» TASK ITEM:
Pictures stay out of the copy; set down each line of the listing below exactly.

» DATASET SECTION:
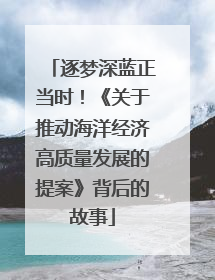 逐梦深蓝正当时！《关于推动海洋经济高质量发展的提案》背后的故事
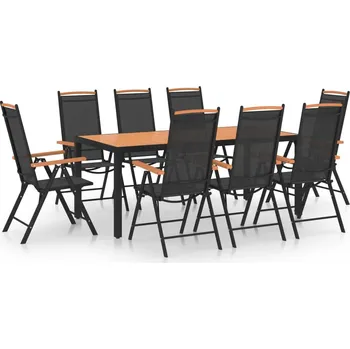 Zahradní sestava zahrada-XL 9dílný zahradní jídelní set hliník černý 3070630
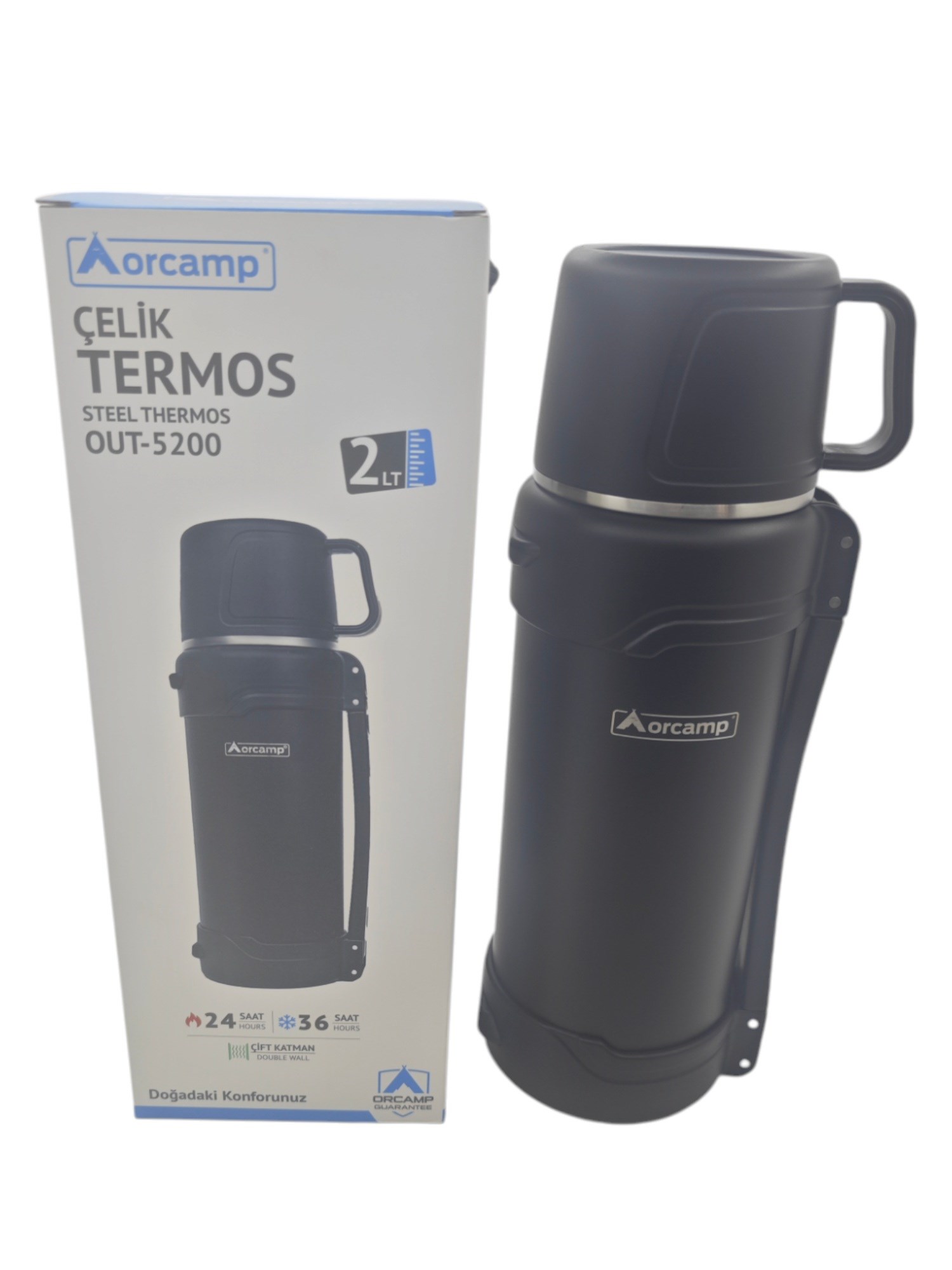 OUT-5200   Orcamp Bardak Kapaklı Çelik Termos 2000ml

» RESULT BELOW:
 逐梦深蓝正当时！《关于推动海洋经济高质量发展的提案》背后的故事
 Zahradní sestava zahrada-XL 9dílný zahradní jídelní set hliník černý 3070630
 OUT-5200   Orcamp Bardak Kapaklı Çelik Termos 2000ml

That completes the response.